Lambda IV: Use the Power of Lambda

Wednesday. November 01, 2017 - 17 mins

In my last post in this series, we have developed all the building blogs for our data science application - we only miss the parallelisation setup.

This is part four on my series on Amazon Lambda for Data Science. To see how this all comes together, we will develop a real-world data science applications in this blog post series over the next time.

You can find the code of this series on my github account (will be updated when we go on). The version of this post is stored in tag part-four.

The application is running and working as expected - but where is the benefit of using possibly 1000 parallel invocations of Amazon Lambda if we run our code sequentially on only one core? Before we go into the details, let me give you some first remarks on this subject

In this tutorial I will assume, that your data science code can easily be parallelised for a given data set - in our case the feature calculation can run independently for different ids of the data set. This may not be the case in your use-case.
The benefit of parallelisation always comes with the drawback of overhead because of process management (or Lambda function management in our case) and streaming (which is even worse in our case, as we have to stream over the network to the next lambda function instead of only streaming to a different process). Do not underestimate this! We will see this effect clearly, when we do some performance studies.
The current limit for parallel executions of Lambda functions is 1000 invocations. If we assume something like up to 10 needed Lambda invocations for a given request, we can handle 100 users in parallel before the request needs to be throttled down. This is probably enough if you are running a small data science application, but will not be sufficient in large scale applications. You can in principle call the Amazon support to increase your limit here, but as discussed in the first post in this series, it may be beneficial to use other possibilities (e.g. Amazon EC2). The good thing: the developed flask application runs without any problems on EC2 - you just have to change the way the parallelisation is done (e.g. use a multiprocessing Pool or packages like distributed).

After this is settled, lets start!

One - Two - Many

The important parts of the current version of the my_map function looks as follows:

def my_map(f, data, chunksize):
    partitioned_chunks = partition(data, chunk_size=chunksize)
    map_function = partial(feature_calculation_on_chunks, f=f)

    result = map(map_function, partitioned_chunks)
    reduced_result = list(itertools.chain.from_iterable(result))

    return reduced_result

We will replace the map call with the following (pseudo-like code):

def distribute_to_lambda(map_function, iterable_data):
    for each data in iterable_data (run in parallel):
        arguments = map_function and data
        pack arguments to make them streamable
        start new lambda function, that:
            unpacks the arguments
            calls the map_function
            packs the result
        wait for the end of the Lambda call
        unpack the result
     return every result

We will start all Lambda functions in parallel, because their invocation will block until they are finished. We are not using an event or callback based workflow here - although it would be possible (but harder to implement).
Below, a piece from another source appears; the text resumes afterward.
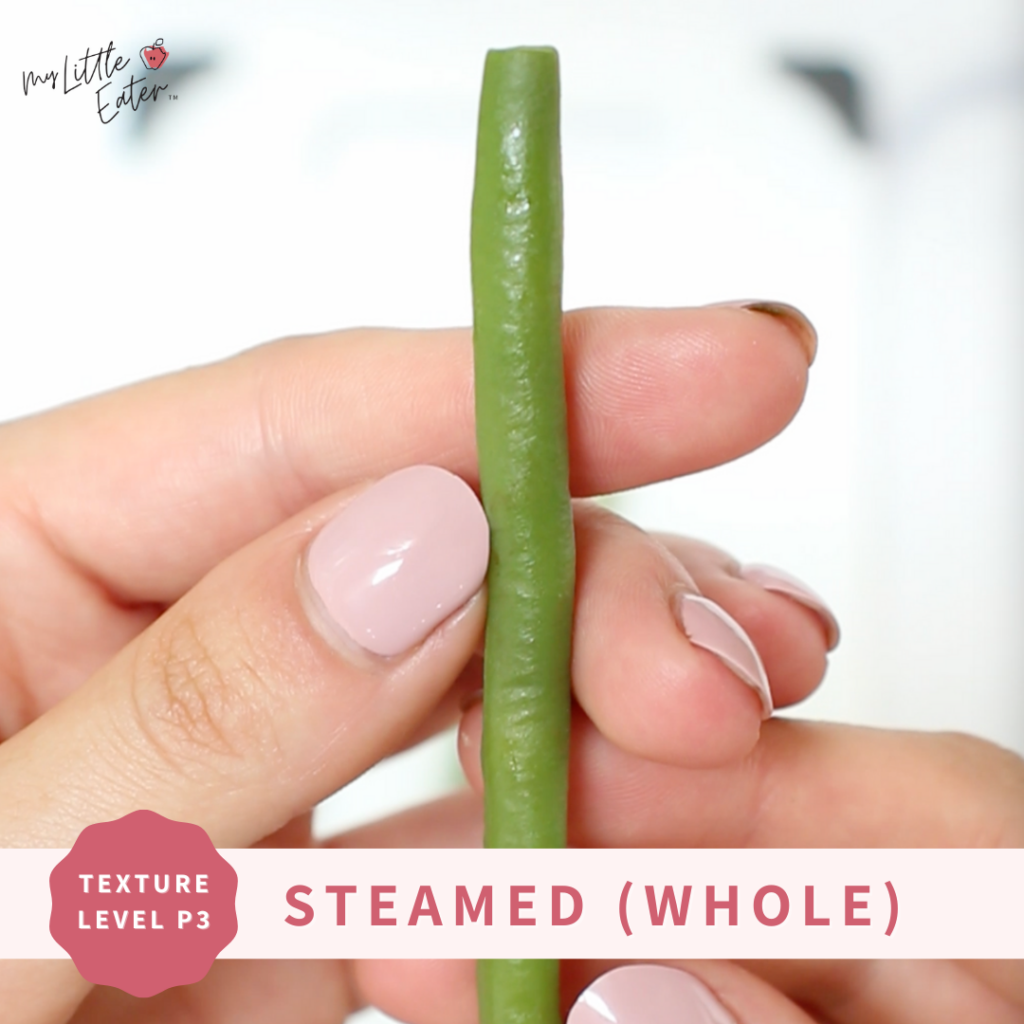 A whole green bean cooked in a steamer basket to make soft to serve as green bean baby food.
We will start by writing the packer and unpacker functions.

Packing and Unpacking

We will need to transport the results of the calculation from and the input chunk list to the Lambda function. So we need methods for packing up arbitrary python objects into a stream of chars, that is transportable in a JSON (because this is how the Lambdas will communicate). We will make a very strong assumption here: everything we want to stream over the network will always be in the form list of dicts of native python types. This is quite limiting on our implementation, but if you think of it, it is exactly what we need in case of data science: everything can be broken down to lists of numbers and strings.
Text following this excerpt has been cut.